I got a branch for Guava 22 to build here. I am seeing concurrency issues with ScannerSession when running Tests. I am not sure if its a change in behavior with the guava usage or if my changes exposed deeper issues but it seems to be issues with these changes. For instance, this error pops up (sometimes) across multiple tests. This was from AnyFieldQueryTest:

java.lang.RuntimeException: java.lang.IllegalStateException: Expected the service AnyFieldScanner [TERMINATED] to be RUNNING, but was TERMINATED
    at datawave.query.jexl.lookups.FieldNameLookup.lookup(FieldNameLookup.java:153)
    at datawave.query.jexl.visitors.ParallelIndexExpansion$IndexLookupCallable.call(ParallelIndexExpansion.java:625)

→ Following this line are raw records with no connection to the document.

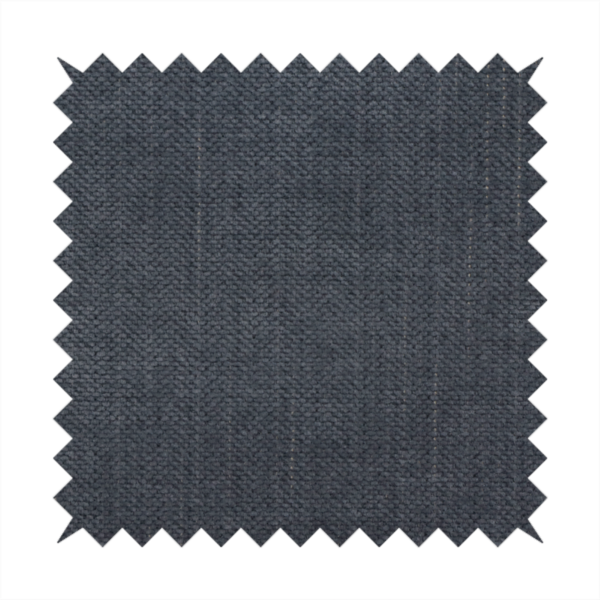 a textured woven fabric in a deep slate or dark charcoal grey shade.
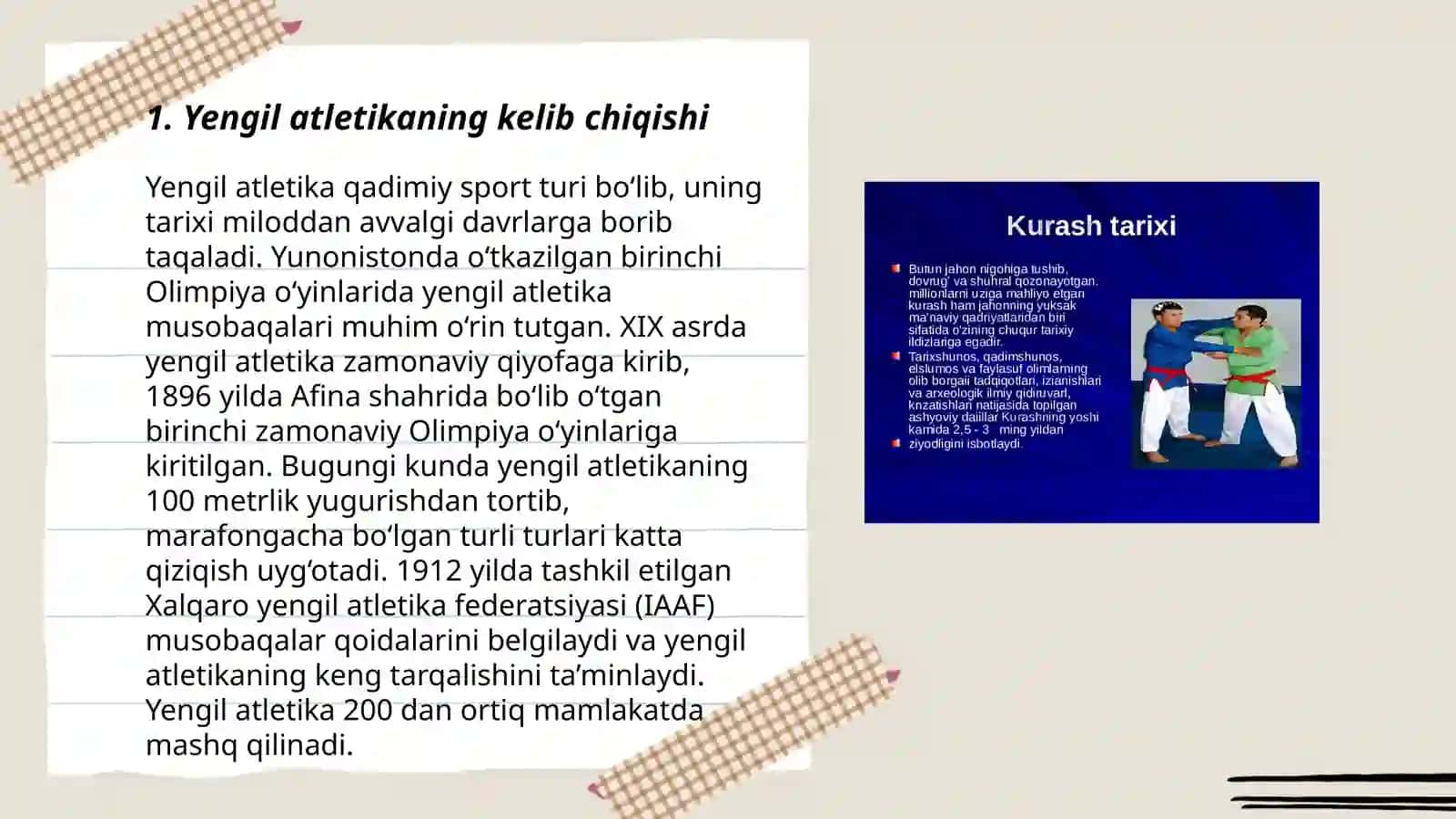 Yengil atlitka kelib cherish tarixi va revojlanishi 3
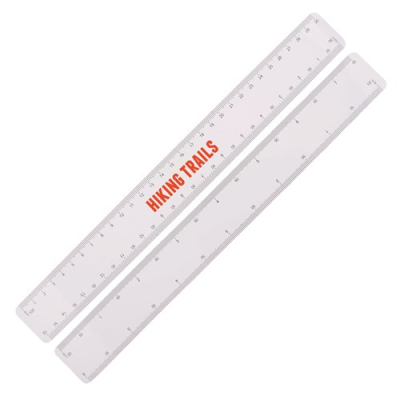 ULTRA SLIM SCALE RULER, IDEAL FOR MAILING, 300MM in White
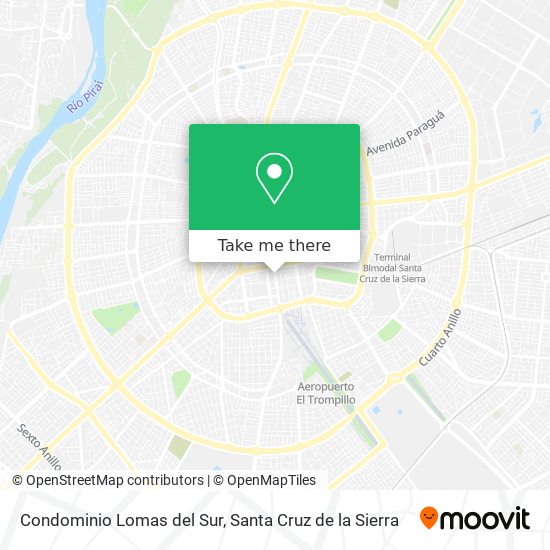 Mapa de Condominio Lomas del Sur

    at datawave.query.jexl.visitors.ParallelIndexExpansion$IndexLookupCallable.call(ParallelIndexExpansion.java:586)
    at java.util.concurrent.FutureTask.run(FutureTask.java:266)
    at java.util.concurrent.ThreadPoolExecutor.runWorker(ThreadPoolExecutor.java:1149)
    at java.util.concurrent.ThreadPoolExecutor$Worker.run(ThreadPoolExecutor.java:624)
    at java.lang.Thread.run(Thread.java:748)
Caused by: java.lang.IllegalStateException: Expected the service AnyFieldScanner [TERMINATED] to be RUNNING, but was TERMINATED
    at com.google.common.util.concurrent.AbstractService.checkCurrentState(AbstractService.java:347)
    at com.google.common.util.concurrent.AbstractService.awaitRunning(AbstractService.java:281)
    at com.google.common.util.concurrent.AbstractExecutionThreadService.awaitRunning(AbstractExecutionThreadService.java:223)
    at datawave.query.tables.ScannerSession.hasNext(ScannerSession.java:283)
    at com.google.common.collect.MultitransformedIterator.hasNext(MultitransformedIterator.java:53)
    at datawave.query.jexl.lookups.FieldNameLookup.lookup(FieldNameLookup.java:116)